Existing viewers are also watching more. The average Saudi spent 28 minutes daily in front of a Starzplay show before the lockdown. That more than doubled to one hour as movement outside the home was restricted.

“To put that into perspective, it took us five years to go from zero to 2 million minutes a day, and it took us six weeks to go from 2 million to 6.5 million. We did more consumption growth in six weeks than we did in the first five years,” Sheikh said.

He is reluctant to forecast how many of these consumers will stay with Starzplay as the lockdowns are eased around the world and the region. 

“I’m expecting some churn, so it’s tough to predict what the base will look like later in the year. We saw tremendous growth, but as the lockdown eases I think we’ll see some churn on those subscribers,” he said.

But even as the lockdown are eased significantly in the region, consumers are not going back to pre-pandemic levels. There is likely to be a permanent shift in demand for Starzplay in the “new normal” environment.

“Unlike Netflix, one of the challenges we had in the region is that the brand awareness and content awareness of our service was comparatively low. One of the things that has happened is that because of increasing demand and awareness, people got to find out about Starzplay. People experienced that and connected the content to our brand.

“That is going to be an enduring and lasting benefit for our company. You cannot unlearn it. I’m expecting some churn in high sign-ups and reduced consumption volumes, but the lasting benefit we’re hoping for is the brand awareness and content awareness that was created,” he said.

That kind of growth is likely to accelerate Starzplay’s evolution from a privately funded startup to a listed public company. It has raised $125 million over its five years, from some pretty impressive investors, including US media giant Lionsgate, the big financial firm State Street Global Advisers, and Nordic investment firm SEQ, which backed Starzplay from the beginning.

With profitability just around the corner, Sheikh does not see the need for further funding, especially as investment sources have dried up during the uncertainty of the pandemic period.

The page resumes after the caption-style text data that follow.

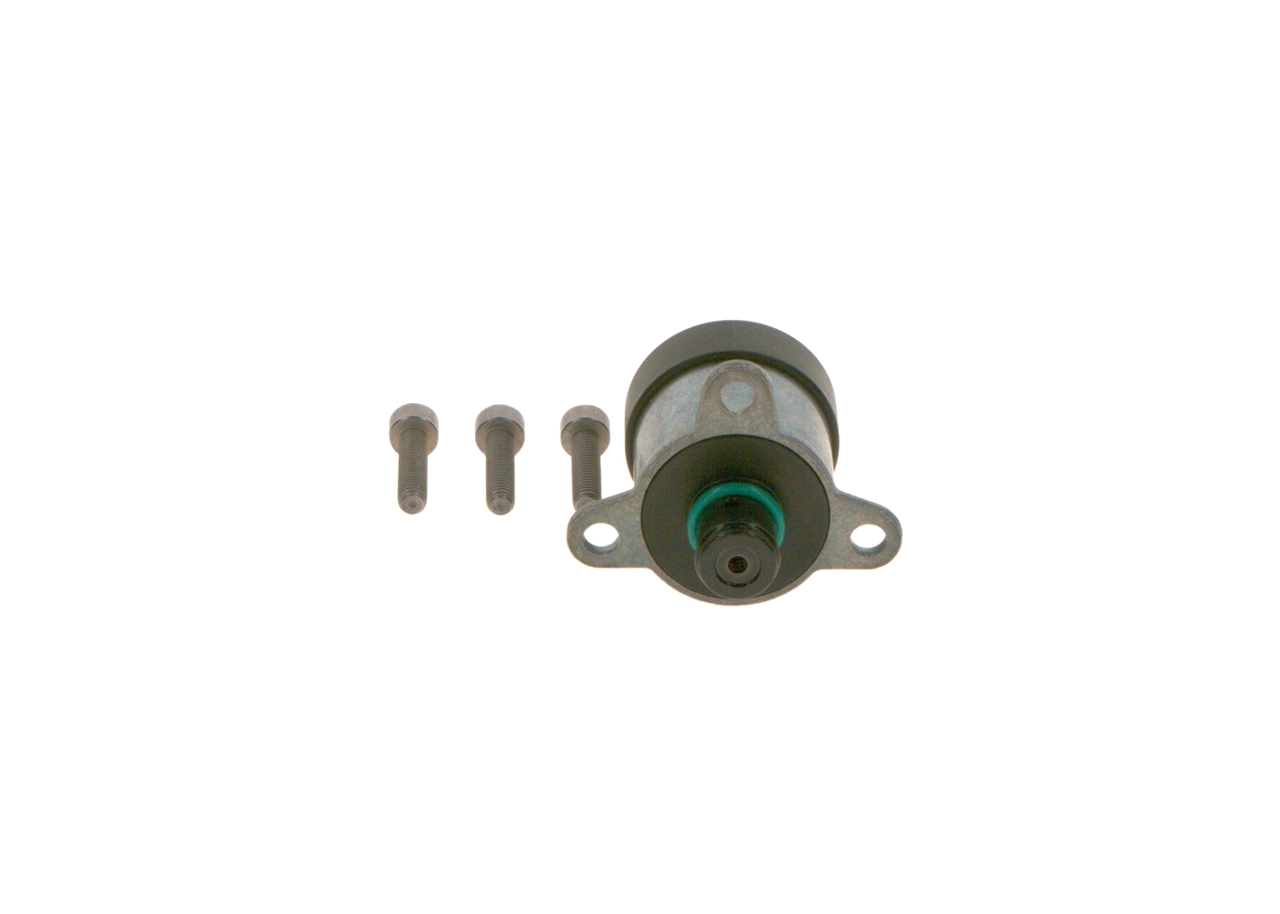 Compre 1465ZS0061 Bosch Válvula de regulação de pressão (válvula de redução da Bomba de Combustível de Pressão Alta) Common-Rail-System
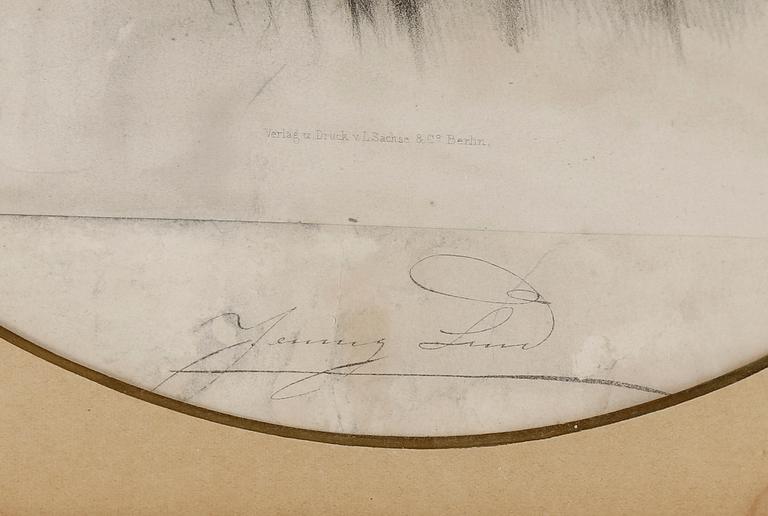 GRAVYR, 1800-talets slut.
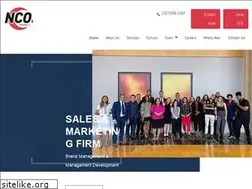 Sites similar to ncosenterprise.com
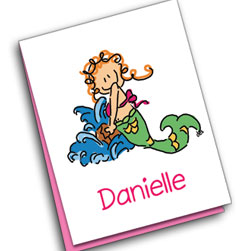 Merjane Note Cards
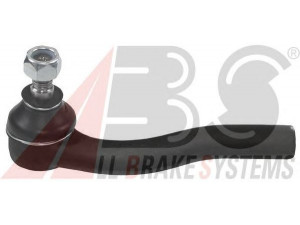A.B.S. 230736 skersinės vairo trauklės galas 
 Vairavimas -> Vairo mechanizmo sujungimai
96407485, 96407485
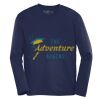 ATC PRO TEAM LONG SLEEVE YOUTH TEE Thumbnail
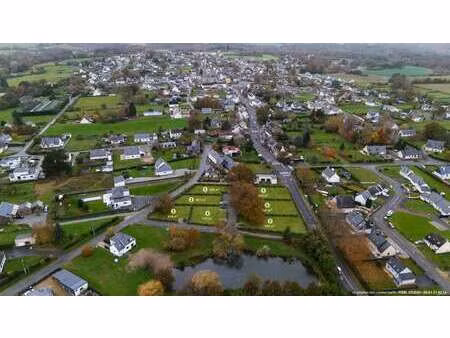 vente terrain à saint-dolay (56130) : à vendre / saint-dolay
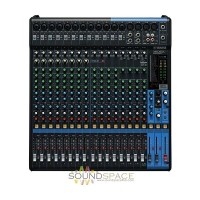 ราคา มิกเซอร์ YAMAHA MG20Xu 20-Input Mixer
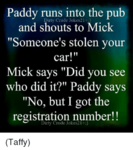 Click image for larger version

Name:	PADDY AND THE STOLEN CAR.png
Views:	191
Size:	106.0 KB
ID:	11707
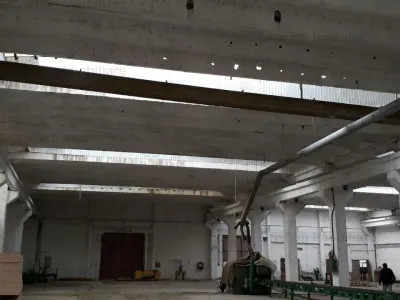 Spațiu industrial Chiscani - poza 3
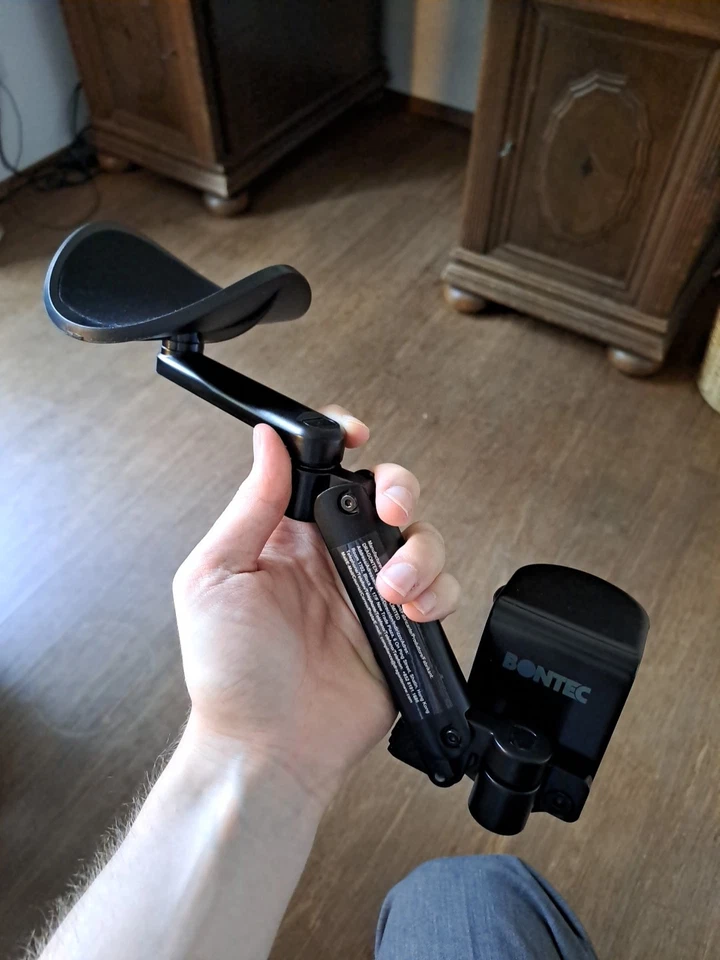 Schreibtisch Armstütze NEU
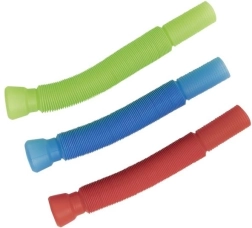 Rura dźwiękowa do rozpierania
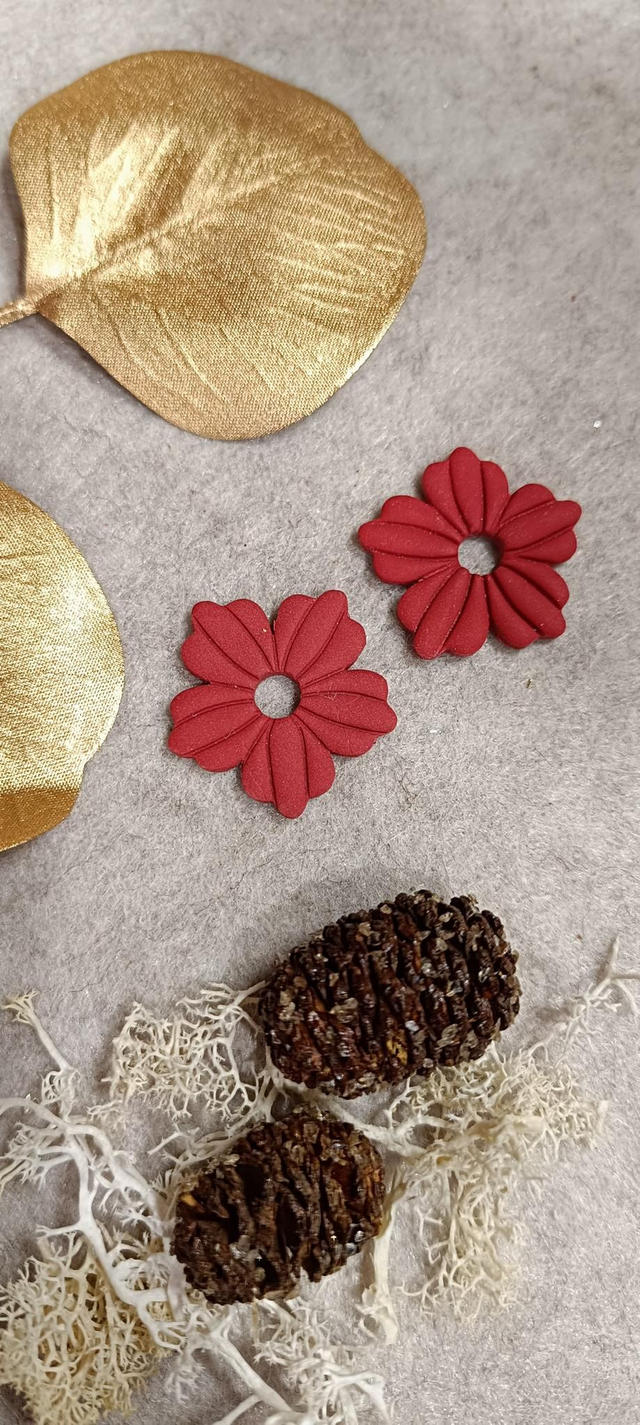 Maxi Amélia - brique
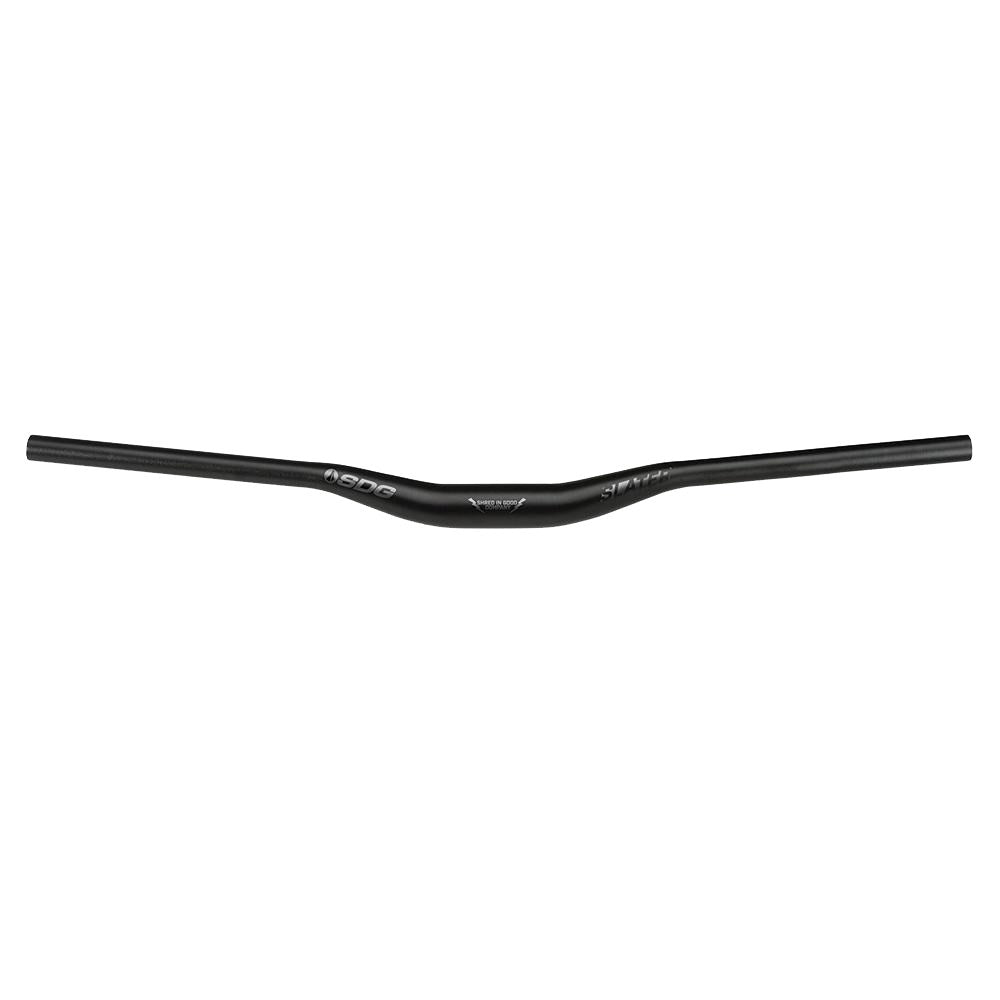 SDG Handlebar Slater Jr 650 Black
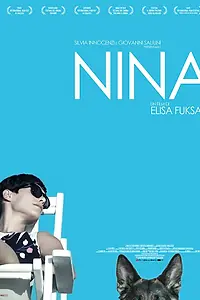 Постер к фильму «Нина (2012)»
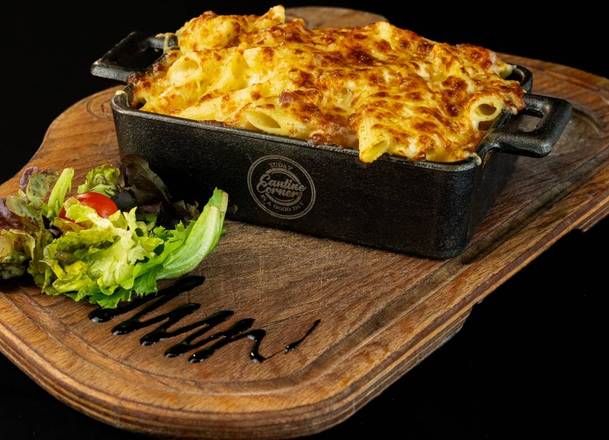 Photo du produit Pâtes Gratinées, non contractuelle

“During COVID times, when consumption and new subscribers were going through the roof, the flip side was that we realized that capital markets were going to be out for 2020. Lucky for us, we are well capitalized, and we are not in a situation where we need to use funds. This is not a good time to be out there raising money,” he said.

“The goal is to serve our customers and also create shareholder value. There are multiple ways of doing that. One is that you generate cash and shareholders benefit from cash dividends. That’s the traditional model. The more high-growth model that is more applicable to companies like us is shareholders push for more growth and expansion to increase the enterprise value of the company,” he said.

Sheikh has set his medium-term sights on a public listing. “In the long run the goal is to continue to grow the business, and in the next three to five years to get into a position where we can list the company on the London Stock Exchange.

“We haven’t absolutely decided that, as it’s so far out. I’d say what we’re looking to do is list ourselves, and if not in London, then other markets, local or London. That’s the ambition, to look to IPO on London or other markets. We’re not there yet. We’re still two to three years away from a decision, but that’s our ambition,” he said.